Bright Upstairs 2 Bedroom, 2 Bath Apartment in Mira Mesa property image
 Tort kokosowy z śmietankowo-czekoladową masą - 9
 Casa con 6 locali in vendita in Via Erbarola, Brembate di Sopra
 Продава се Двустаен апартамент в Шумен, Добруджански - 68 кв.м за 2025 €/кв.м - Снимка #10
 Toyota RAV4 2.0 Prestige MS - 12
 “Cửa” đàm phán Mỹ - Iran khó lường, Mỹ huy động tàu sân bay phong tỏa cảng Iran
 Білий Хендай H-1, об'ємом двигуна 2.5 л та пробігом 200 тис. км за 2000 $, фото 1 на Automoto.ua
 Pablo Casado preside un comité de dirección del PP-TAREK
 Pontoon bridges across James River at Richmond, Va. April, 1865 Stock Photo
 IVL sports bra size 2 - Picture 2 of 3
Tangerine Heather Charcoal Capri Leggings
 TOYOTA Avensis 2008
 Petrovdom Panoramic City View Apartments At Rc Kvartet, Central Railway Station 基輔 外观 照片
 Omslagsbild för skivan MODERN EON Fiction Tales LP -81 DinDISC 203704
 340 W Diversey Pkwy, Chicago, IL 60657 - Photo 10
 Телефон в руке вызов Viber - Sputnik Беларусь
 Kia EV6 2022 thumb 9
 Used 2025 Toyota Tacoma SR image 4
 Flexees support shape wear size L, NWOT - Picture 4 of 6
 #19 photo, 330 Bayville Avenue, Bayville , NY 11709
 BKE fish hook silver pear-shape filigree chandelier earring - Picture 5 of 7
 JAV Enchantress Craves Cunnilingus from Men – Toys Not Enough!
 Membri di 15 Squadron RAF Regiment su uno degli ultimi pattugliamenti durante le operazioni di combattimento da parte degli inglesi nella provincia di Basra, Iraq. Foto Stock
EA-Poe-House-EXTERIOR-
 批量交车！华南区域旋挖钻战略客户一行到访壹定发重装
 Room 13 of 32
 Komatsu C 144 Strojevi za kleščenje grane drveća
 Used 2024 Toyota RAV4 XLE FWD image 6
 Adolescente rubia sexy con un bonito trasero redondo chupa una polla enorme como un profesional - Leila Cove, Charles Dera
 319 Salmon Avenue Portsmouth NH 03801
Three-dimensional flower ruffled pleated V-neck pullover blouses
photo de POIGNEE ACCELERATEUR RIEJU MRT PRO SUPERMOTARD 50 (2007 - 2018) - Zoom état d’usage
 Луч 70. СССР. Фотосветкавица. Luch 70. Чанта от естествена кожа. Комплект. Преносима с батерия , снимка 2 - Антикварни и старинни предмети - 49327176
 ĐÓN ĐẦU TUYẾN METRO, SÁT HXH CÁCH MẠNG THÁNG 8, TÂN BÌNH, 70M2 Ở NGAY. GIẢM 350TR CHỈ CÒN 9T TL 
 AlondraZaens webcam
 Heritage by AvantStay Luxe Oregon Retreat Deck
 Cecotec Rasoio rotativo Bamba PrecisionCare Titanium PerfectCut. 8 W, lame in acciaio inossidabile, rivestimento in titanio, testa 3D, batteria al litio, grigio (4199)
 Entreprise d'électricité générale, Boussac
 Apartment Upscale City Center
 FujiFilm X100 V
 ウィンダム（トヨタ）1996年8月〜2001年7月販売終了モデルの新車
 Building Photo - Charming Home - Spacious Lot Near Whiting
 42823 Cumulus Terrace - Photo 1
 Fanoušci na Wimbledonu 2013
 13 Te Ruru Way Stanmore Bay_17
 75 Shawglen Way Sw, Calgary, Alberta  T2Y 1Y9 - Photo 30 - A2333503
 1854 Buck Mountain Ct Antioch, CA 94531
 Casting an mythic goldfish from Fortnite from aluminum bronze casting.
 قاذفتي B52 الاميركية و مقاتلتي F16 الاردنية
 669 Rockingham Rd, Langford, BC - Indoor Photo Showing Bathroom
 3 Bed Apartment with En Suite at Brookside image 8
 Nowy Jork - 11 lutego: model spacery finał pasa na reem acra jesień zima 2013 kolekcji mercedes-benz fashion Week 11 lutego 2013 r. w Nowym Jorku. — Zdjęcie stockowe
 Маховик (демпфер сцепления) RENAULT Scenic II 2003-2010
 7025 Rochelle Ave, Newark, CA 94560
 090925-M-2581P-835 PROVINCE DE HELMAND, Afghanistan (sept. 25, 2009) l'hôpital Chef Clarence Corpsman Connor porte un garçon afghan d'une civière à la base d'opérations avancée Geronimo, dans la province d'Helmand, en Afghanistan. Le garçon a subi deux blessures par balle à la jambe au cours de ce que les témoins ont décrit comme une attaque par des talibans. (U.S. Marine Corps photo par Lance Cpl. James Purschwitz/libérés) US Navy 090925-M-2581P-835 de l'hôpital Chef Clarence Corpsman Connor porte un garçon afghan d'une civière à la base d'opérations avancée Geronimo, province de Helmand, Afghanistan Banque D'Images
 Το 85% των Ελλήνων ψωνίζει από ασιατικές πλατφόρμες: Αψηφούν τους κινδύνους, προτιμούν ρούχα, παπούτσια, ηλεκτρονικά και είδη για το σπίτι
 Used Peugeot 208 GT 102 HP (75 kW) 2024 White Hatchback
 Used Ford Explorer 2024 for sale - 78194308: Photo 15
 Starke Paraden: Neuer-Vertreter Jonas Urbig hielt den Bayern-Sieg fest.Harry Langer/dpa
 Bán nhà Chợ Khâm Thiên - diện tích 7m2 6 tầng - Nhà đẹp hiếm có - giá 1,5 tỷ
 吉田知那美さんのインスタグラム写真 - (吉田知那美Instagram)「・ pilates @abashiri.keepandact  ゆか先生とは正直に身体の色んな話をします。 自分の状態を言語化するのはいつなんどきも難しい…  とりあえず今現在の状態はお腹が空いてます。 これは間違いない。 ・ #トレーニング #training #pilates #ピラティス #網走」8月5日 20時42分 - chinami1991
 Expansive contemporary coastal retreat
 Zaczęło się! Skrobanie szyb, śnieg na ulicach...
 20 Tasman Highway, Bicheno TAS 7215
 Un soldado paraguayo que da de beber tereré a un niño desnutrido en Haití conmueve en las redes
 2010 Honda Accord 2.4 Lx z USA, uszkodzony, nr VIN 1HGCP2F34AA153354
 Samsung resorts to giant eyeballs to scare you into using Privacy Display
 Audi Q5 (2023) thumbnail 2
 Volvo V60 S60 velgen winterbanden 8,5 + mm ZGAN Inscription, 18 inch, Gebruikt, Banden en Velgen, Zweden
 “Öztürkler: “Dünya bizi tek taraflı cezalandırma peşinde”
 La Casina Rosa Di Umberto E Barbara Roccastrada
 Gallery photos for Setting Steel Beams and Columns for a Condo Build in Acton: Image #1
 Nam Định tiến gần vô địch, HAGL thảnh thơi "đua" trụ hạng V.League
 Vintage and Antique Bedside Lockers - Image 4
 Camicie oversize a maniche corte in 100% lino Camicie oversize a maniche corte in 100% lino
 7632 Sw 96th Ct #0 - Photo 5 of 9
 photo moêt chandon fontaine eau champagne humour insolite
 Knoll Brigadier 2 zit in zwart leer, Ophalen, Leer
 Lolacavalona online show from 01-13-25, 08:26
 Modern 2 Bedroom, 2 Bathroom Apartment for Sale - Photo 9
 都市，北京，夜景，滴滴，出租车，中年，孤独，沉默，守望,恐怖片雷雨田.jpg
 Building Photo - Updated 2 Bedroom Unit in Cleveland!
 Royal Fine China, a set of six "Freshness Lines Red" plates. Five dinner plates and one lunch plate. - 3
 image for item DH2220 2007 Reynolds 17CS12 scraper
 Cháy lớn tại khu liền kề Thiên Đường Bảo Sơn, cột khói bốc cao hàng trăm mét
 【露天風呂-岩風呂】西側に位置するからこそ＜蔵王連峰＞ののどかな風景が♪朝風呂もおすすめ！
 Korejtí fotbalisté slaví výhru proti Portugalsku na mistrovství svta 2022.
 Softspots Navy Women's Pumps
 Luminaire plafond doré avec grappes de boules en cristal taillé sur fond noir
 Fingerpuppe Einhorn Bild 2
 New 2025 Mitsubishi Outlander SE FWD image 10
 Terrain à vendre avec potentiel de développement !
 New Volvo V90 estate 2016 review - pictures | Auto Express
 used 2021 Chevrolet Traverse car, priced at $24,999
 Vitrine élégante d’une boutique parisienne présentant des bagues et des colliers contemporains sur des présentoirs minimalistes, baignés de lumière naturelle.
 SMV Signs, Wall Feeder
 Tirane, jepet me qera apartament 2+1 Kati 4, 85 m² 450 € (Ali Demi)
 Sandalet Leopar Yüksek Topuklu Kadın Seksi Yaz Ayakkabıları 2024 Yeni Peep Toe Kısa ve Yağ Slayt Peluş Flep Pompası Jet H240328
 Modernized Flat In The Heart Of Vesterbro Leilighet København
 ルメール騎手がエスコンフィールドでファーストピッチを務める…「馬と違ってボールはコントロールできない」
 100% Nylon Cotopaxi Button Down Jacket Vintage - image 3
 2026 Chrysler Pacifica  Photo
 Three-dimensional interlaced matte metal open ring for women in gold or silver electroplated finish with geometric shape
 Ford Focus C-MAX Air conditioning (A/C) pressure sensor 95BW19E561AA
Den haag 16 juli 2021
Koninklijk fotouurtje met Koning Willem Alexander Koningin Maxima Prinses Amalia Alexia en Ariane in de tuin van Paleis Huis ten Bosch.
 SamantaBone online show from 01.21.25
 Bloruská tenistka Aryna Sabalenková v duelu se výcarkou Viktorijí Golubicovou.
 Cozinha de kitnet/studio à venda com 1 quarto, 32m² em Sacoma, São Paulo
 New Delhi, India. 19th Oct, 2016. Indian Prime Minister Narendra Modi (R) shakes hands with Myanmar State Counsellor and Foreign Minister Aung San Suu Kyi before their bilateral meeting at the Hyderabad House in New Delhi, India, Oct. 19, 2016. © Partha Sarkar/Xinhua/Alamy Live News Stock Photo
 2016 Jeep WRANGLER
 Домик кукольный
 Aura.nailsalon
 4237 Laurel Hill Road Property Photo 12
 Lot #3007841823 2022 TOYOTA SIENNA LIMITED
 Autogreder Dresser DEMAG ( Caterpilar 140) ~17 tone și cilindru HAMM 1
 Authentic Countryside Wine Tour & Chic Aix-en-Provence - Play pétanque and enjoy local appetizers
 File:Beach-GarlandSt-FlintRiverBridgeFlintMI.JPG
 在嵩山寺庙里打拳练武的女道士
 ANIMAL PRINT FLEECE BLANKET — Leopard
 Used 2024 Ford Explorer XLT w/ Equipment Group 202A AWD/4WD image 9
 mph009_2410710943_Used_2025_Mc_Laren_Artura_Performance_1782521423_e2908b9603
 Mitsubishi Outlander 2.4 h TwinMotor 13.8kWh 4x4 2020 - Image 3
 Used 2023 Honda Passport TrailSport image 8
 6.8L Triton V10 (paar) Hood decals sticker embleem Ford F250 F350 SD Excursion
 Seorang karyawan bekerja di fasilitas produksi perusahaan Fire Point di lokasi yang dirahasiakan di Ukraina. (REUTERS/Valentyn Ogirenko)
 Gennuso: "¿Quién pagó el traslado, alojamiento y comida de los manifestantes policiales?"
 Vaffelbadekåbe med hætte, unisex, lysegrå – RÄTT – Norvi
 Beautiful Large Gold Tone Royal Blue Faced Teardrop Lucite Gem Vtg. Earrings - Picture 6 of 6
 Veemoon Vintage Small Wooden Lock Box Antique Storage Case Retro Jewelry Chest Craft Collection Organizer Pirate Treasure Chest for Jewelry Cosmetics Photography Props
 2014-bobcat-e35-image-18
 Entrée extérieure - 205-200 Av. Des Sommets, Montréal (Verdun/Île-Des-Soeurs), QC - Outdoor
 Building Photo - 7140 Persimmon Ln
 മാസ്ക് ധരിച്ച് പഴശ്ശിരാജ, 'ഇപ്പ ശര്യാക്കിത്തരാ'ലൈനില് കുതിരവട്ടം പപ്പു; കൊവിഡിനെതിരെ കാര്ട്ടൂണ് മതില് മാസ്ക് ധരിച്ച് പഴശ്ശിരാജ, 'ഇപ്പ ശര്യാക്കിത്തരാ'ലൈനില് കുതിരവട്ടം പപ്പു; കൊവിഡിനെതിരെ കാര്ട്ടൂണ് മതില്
—————
→ Instructions for the task
Everything starting at the line containing "Vitrine élégante d’une" and ending at the line containing "Bloruská tenistka Aryna" in the records above should be repeated exactly, and only that.

→ Output of the exercise
 Vitrine élégante d’une boutique parisienne présentant des bagues et des colliers contemporains sur des présentoirs minimalistes, baignés de lumière naturelle.
 SMV Signs, Wall Feeder
 Tirane, jepet me qera apartament 2+1 Kati 4, 85 m² 450 € (Ali Demi)
 Sandalet Leopar Yüksek Topuklu Kadın Seksi Yaz Ayakkabıları 2024 Yeni Peep Toe Kısa ve Yağ Slayt Peluş Flep Pompası Jet H240328
 Modernized Flat In The Heart Of Vesterbro Leilighet København
 ルメール騎手がエスコンフィールドでファーストピッチを務める…「馬と違ってボールはコントロールできない」
 100% Nylon Cotopaxi Button Down Jacket Vintage - image 3
 2026 Chrysler Pacifica  Photo
 Three-dimensional interlaced matte metal open ring for women in gold or silver electroplated finish with geometric shape
 Ford Focus C-MAX Air conditioning (A/C) pressure sensor 95BW19E561AA
Den haag 16 juli 2021
Koninklijk fotouurtje met Koning Willem Alexander Koningin Maxima Prinses Amalia Alexia en Ariane in de tuin van Paleis Huis ten Bosch.
 SamantaBone online show from 01.21.25
 Bloruská tenistka Aryna Sabalenková v duelu se výcarkou Viktorijí Golubicovou.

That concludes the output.